**WHAT YOU SHOULD DO**
Your task is to retype, exactly and with nothing else, every line from the one containing "Highway truck Driving Games 3D Image" to the end of the listing.

╭─ DATASET

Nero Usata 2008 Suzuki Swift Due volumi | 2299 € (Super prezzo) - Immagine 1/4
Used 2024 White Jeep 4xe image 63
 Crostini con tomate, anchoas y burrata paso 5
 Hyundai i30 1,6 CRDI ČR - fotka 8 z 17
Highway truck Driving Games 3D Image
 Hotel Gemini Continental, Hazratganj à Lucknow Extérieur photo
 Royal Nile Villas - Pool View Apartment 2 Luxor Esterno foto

╰─

**EXPECTED ANSWER**
Highway truck Driving Games 3D Image
 Hotel Gemini Continental, Hazratganj à Lucknow Extérieur photo
 Royal Nile Villas - Pool View Apartment 2 Luxor Esterno foto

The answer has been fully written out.